當克拉兒模糊地表示出奧萊想要的答案後,奧萊立刻變得溫和起來,還露出了笑意,奧萊態度的前後差別,在某種程度給予克拉兒心理暗示——是的,就是這樣,盧卡斯性侵了你。而後的提問,更是具有明顯的「誘導性」。

奧萊摒棄了一個心理醫生應有的職業道德與專業操守,他沒有以面向兒童的開放狀態去了解克拉兒的真實想法,而是先入為主,以一種心理上的「嚴刑逼供」讓克拉兒「屈打成招」,從而得到自己事先設定的「真相」。

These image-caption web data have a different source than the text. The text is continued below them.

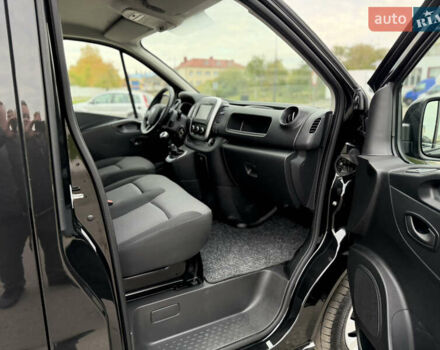 Черный Рено Трафик, объемом двигателя 2 л и пробегом 117 тыс. км за 21300 $, фото 19 на Automoto.ua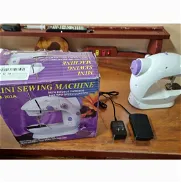 Mini maquina de coser nueva sewing Machine - Img 45730342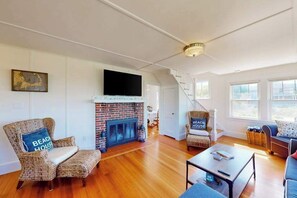 TV, offices - Coastal bay view home with patio, W/D, AC, & amazing location (West Yarmouth)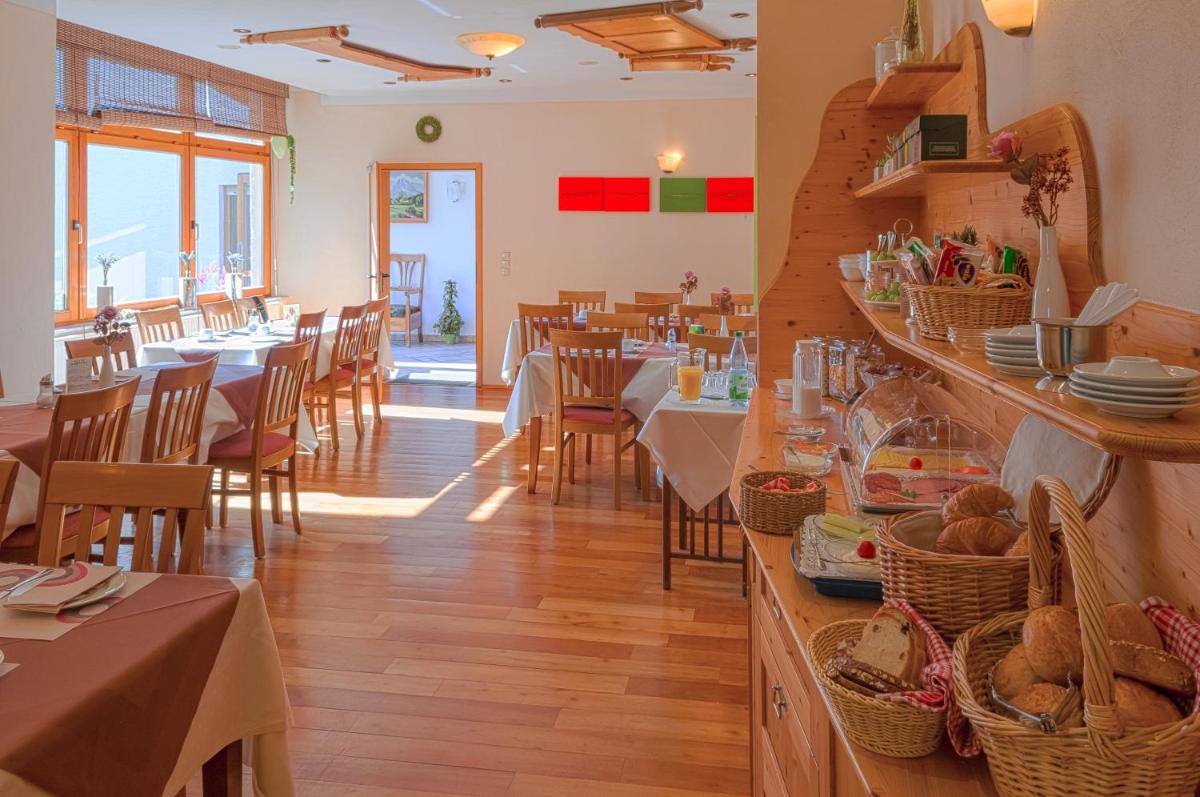 Hotel Bett & Frühstück - Housity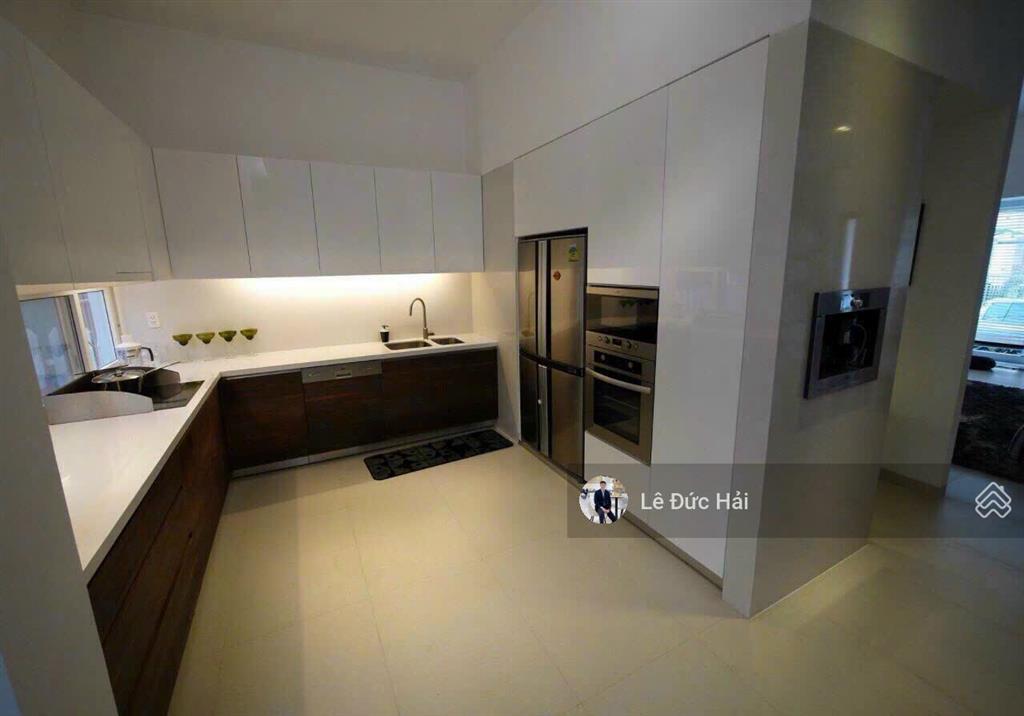 Biệt thự liên kế nhà đẹp 4 phòng ngủ cho thuê giá 50 triệu/tháng.  0902 244 ***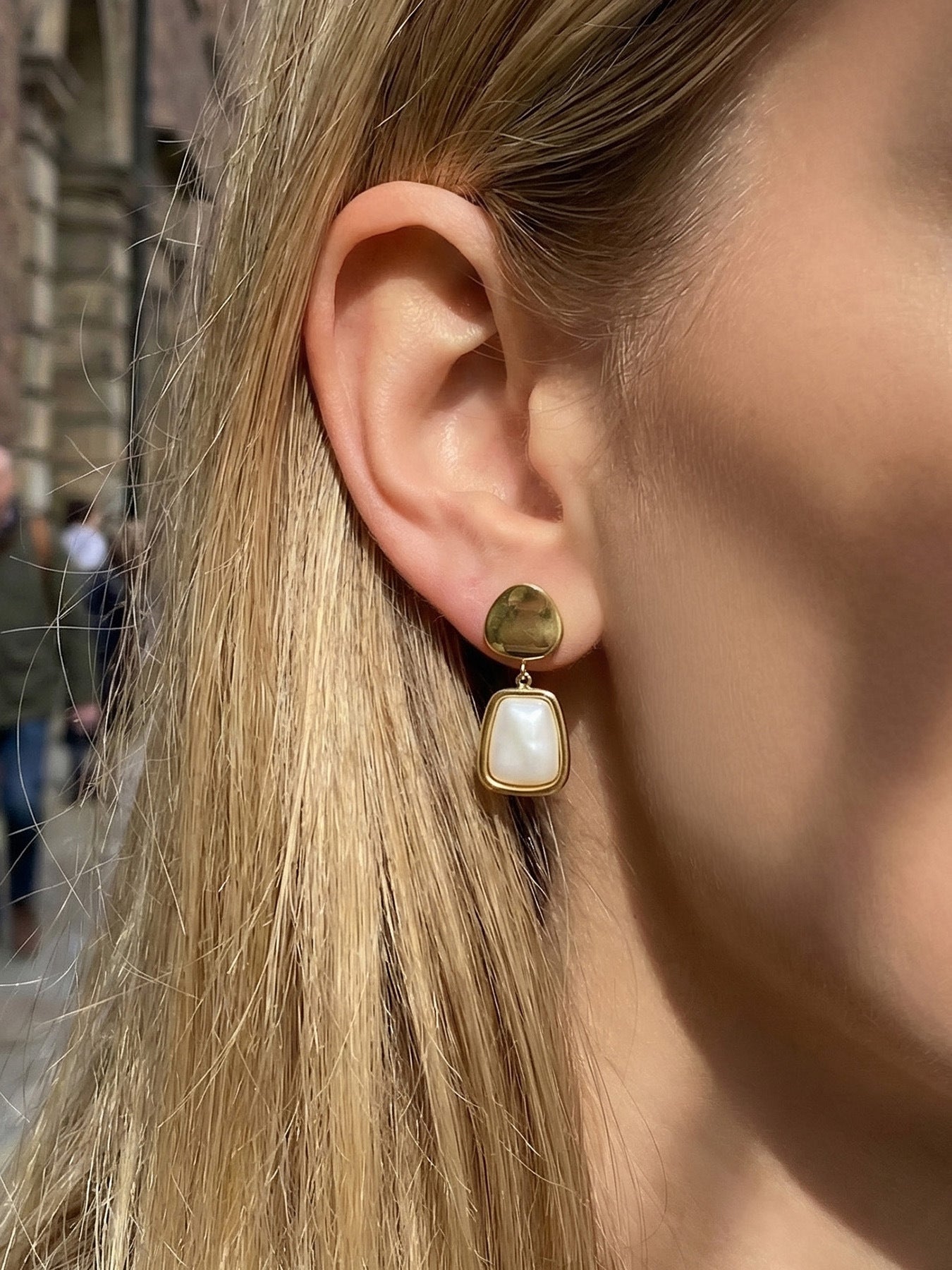 Shell Drift MOP Drop Earrings - Moonix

奧萊的偏見割斷了懸在小鎮上空的達摩克利斯之劍,一場沒有血腥的獵殺就此上演。

群體的盲從,鑄就「圍獵」的困局

政治學和大眾傳播學中有個有趣的理論——沉默的螺旋:大多數個體會力圖避免由於單獨持有某些態度和信念而產生的孤立。

一開始人們只是懷疑,但隨著陸續有家長哭訴孩子尿床、頭痛、做噩夢(這些被認為是性侵後遺症),事情開始迅速升溫、發酵,環境的變化迫使每個人必須儘快表明立場,這意味著你是和罪惡劃清界限,還是同流合汙。

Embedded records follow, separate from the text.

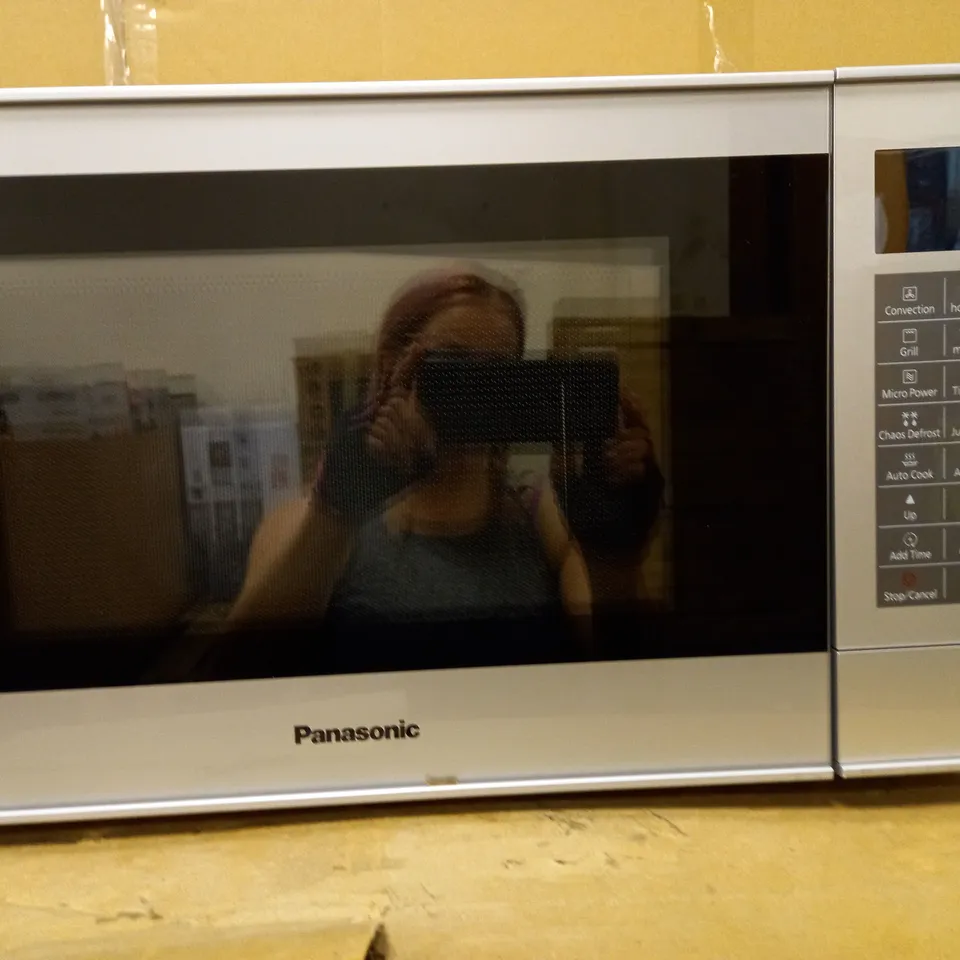 PANASONIC NN-CT57JMBPQ SLIMLINE COMBINATION MICROWAVE OVEN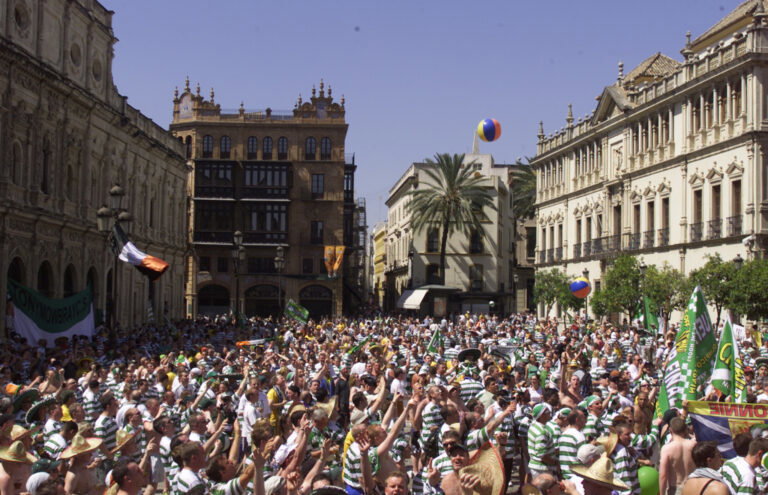 CELTIC SOCCER FANS FILL A SQUARE IN SEVILLE BEFORE UEFA CUP FINALAGAINST PORTO.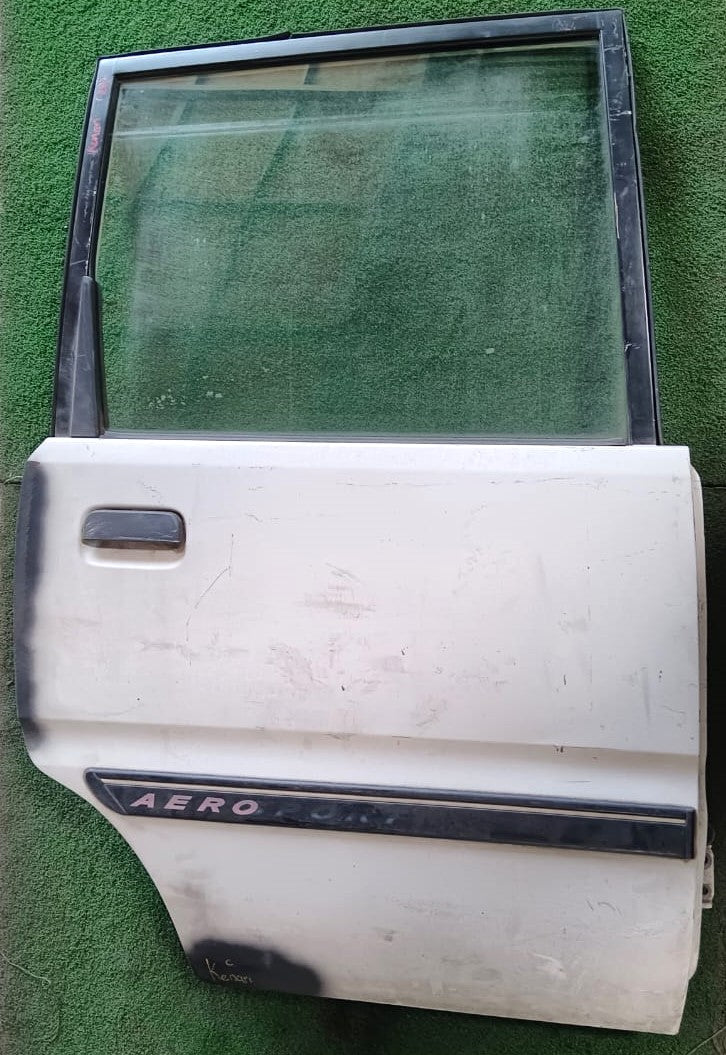 PERODUA KENARI DOOR PANEL RRH COMPLETE WHITE (DP00147)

於是,學校開除他,朋友和他翻臉,小鎮的居民紛紛疏遠他,就連一直相信他的女友都忍不住問,「你不是個變態吧?」幾乎所有人都轉變了態度,仿若一種對道德的宣誓:我們和他不是一類人。以此來標榜自己的正義和善良。這無異於在精神上宣判盧卡斯死刑。

《狩獵》真正令人感到深寒刺骨的正在於此:這世間有太多的惡意,可怕的是,它不是所謂的壞人造成的,反倒是那些高舉著正義之劍自以為是的好人釀成的。

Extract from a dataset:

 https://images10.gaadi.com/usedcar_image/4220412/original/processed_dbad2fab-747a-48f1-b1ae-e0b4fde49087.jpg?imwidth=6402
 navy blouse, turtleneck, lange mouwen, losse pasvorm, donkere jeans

如果說這部電影有什麼暖色的話,那就是盧卡斯的兒子和朋友班特,盧卡斯的兒子一出來就哭哭啼啼,看起來有些嬌弱,卻敢為父與眾人抗爭。而班特則一直堅信盧卡斯的人品,為他的官司奔走。

經過警方的調查,盧卡斯被無罪釋放,但人們並不接受這樣的結果。有人半夜砸碎盧卡斯的窗戶,殺了他心愛的狗,不允許他購物,甚至毆打他。原本平靜溫馨的小鎮,瀰漫著深寒濃重的惡意。

正如《烏合之眾》所說:「個人一旦成為群體的一員,他所做所為就不會再承擔責任,這時每個人都會暴露不受約束的一面。群體追求和相信的從來不是什麼真相和理性,而是盲從、殘忍、偏執和狂熱,只知道簡單而極端的感情。」

這場無解的困局,最終以巧妙的方式破開。教堂裡,盧卡斯看著西奧絕望地吼道:「看著我的眼睛,什麼都沒有,一無所有!」這一次西奧(克拉爾的父親)選擇相信盧卡斯。

一年後,小鎮重回原樣,彷佛一切從未發生,人們和盧卡斯聚會、擁抱、談笑,我以為一切會如西奧所感嘆:「世上充滿了惡意,但如果我們相互理解支持,惡意就會消散。」但突然而至的一記冷槍,擦過盧卡斯頭頂,打在旁邊的樹幹上,他的眼裡再一次失去了一切。隱藏在暗處的冰冷惡意,遠比曾經甚囂塵上的粗暴更令人膽寒絕望。

那個站在高處,沐浴著陽光的模糊身影,正如人們一直堅持的看不見的道德,它告訴人們:槍聲響起,「狩獵」未終。

結語

《狩獵》雖然遠去,但「狩獵」卻未曾離開。消息漫天飛舞的網絡,就是一個真真假假的狩獵場,不知為何,總有些「神仙」能憑藉斷章取義的幾段文字,東拼西湊的幾張圖片,進行天花亂墜的推理,甚至有種迷之自信,認為自己的結論比任何人都更接近真相,然後對當事人口誅筆伐,釀造一起起語言暴力。其實,很多人都分不清是非黑白,更何況這個世間本就不是非黑即白,狩獵的人,亦是他人的獵物。